- Exercise brief -
Copy out the data from the line containing "Zdjęcie 6 z" to its last line, exactly. No pictures.

Items from a dataset:
== Segment start ==
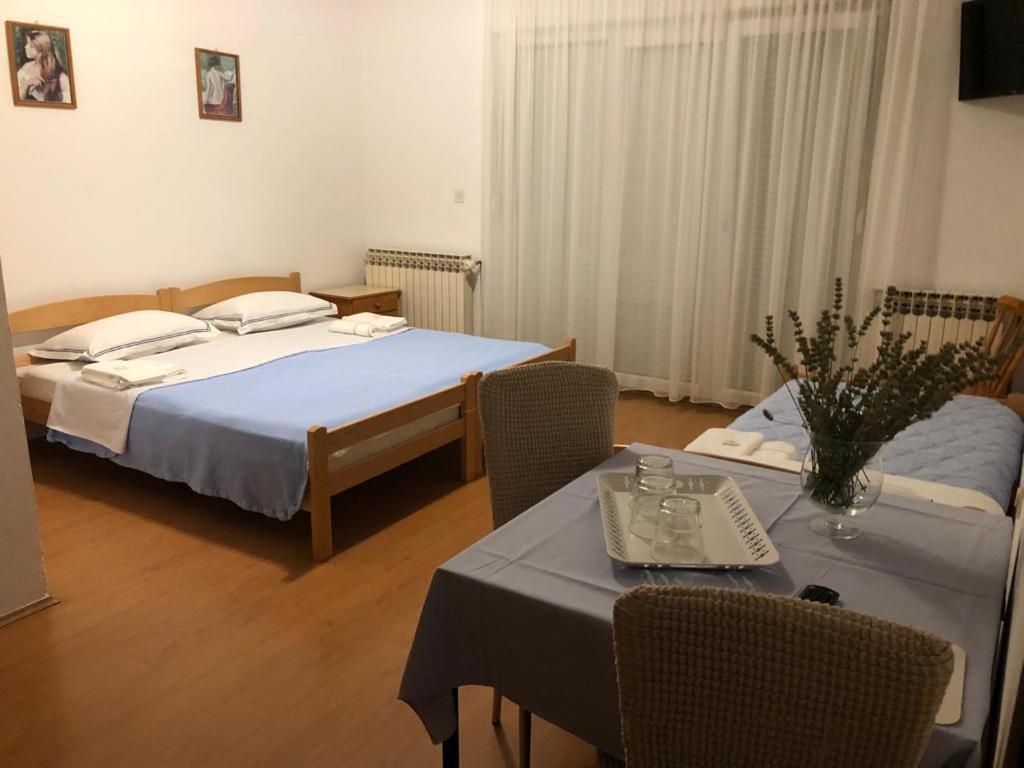 Aparthotel Sobe Pipic Široki Brijeg Exteriér fotografie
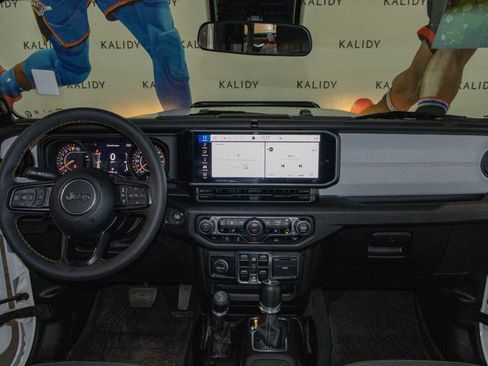 Used 2024 Jeep Gladiator Sport AWD/4WD image 3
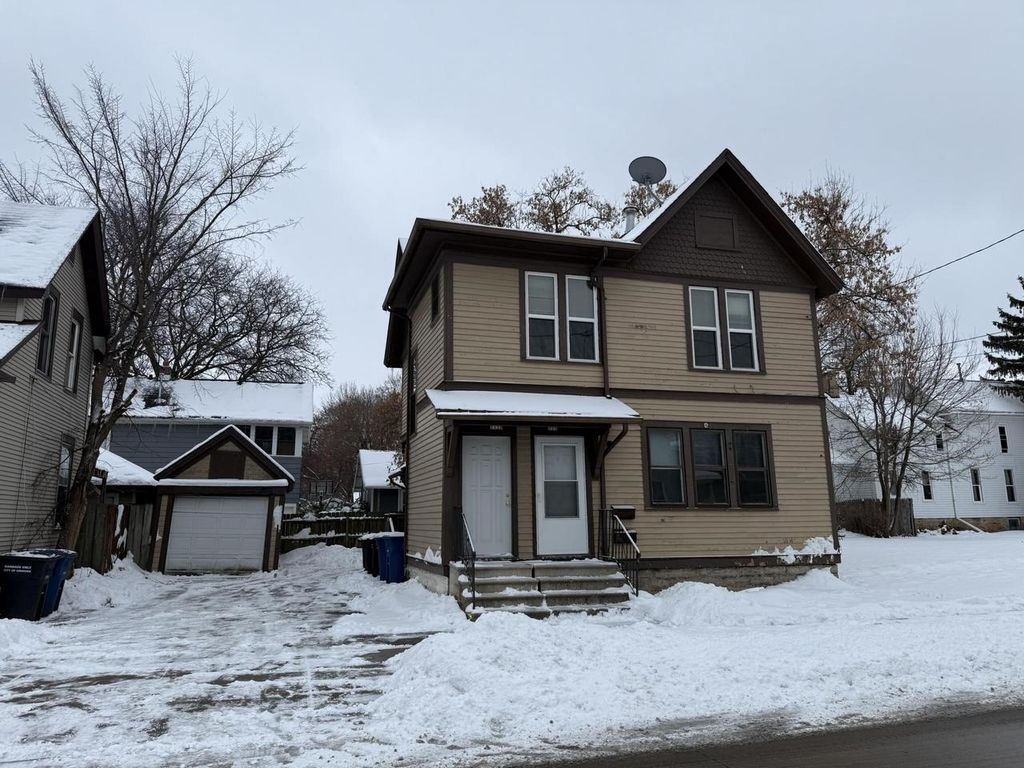 Photo of 115 E Parkway AVENUE, Oshkosh, WI 54901 (MLS # 50319034)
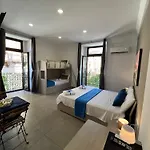 Bed & Breakfast Treasure 4*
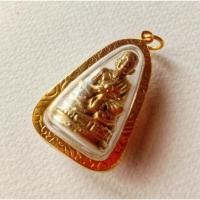 ราคา หลวงปู่ทวด เหยียบน้ำทะเลจืด เลี่ยมกรอบไมครอนแบบทรงบัว จี้พระ วัตถุมงคล โชคลาภ เสริมดวง คุ้มกันภัย (6051313162)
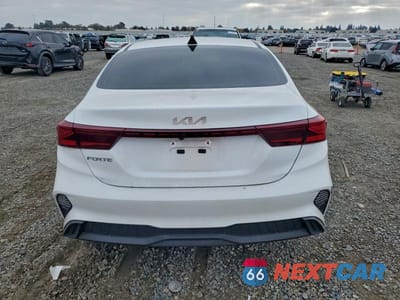 Zdjęcie 6 z 12 samochodu: 2024 KIA FORTE LX VIN:3KPF24AD2RE798793 - miniatura
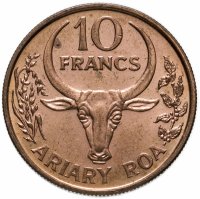 Купить Мадагаскар 10 франков (francs) 1996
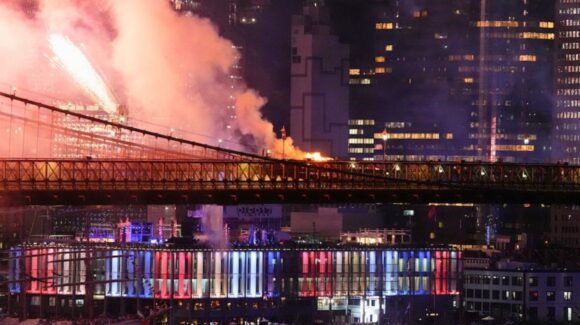 ¿Qué pasó en el Puente de Brooklyn, Nueva York, este 4 de julio de 2026? Aquí la información del INCENDIO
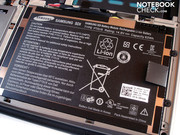 Desafortunadamente la batería está atornillada a la cubierta del chasis y por lo tanto no es fácil de remover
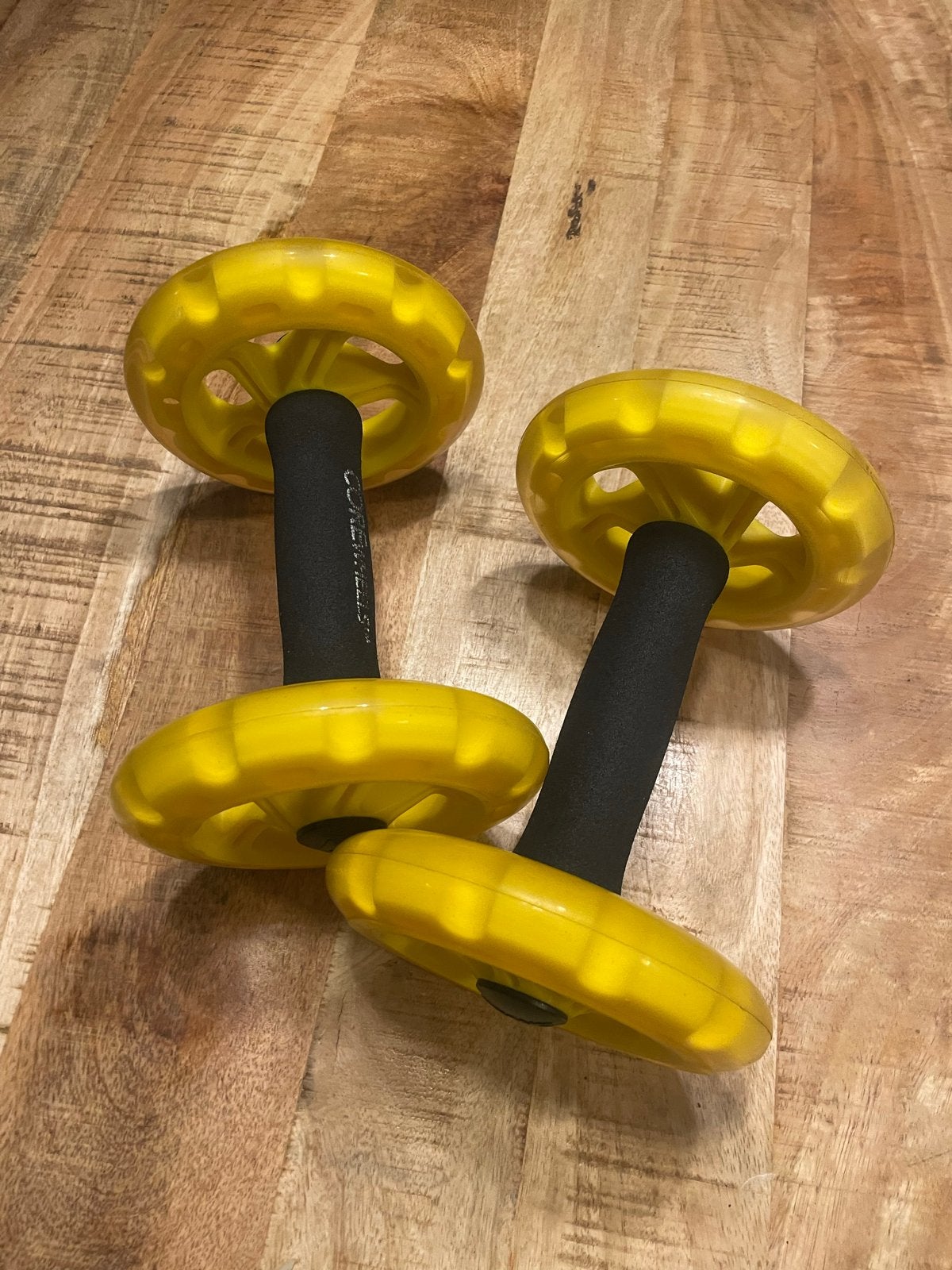 Corewheels Buikspierwiel Set - Geel, Sport en Fitness, Fitnessmaterialen, Ophalen, Zo goed als nieuw, Buik, Buikspierwiel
== Segment end ==
- Written reply -
 Zdjęcie 6 z 12 samochodu: 2024 KIA FORTE LX VIN:3KPF24AD2RE798793 - miniatura
 Купить Мадагаскар 10 франков (francs) 1996
 ¿Qué pasó en el Puente de Brooklyn, Nueva York, este 4 de julio de 2026? Aquí la información del INCENDIO
 Desafortunadamente la batería está atornillada a la cubierta del chasis y por lo tanto no es fácil de remover
 Corewheels Buikspierwiel Set - Geel, Sport en Fitness, Fitnessmaterialen, Ophalen, Zo goed als nieuw, Buik, Buikspierwiel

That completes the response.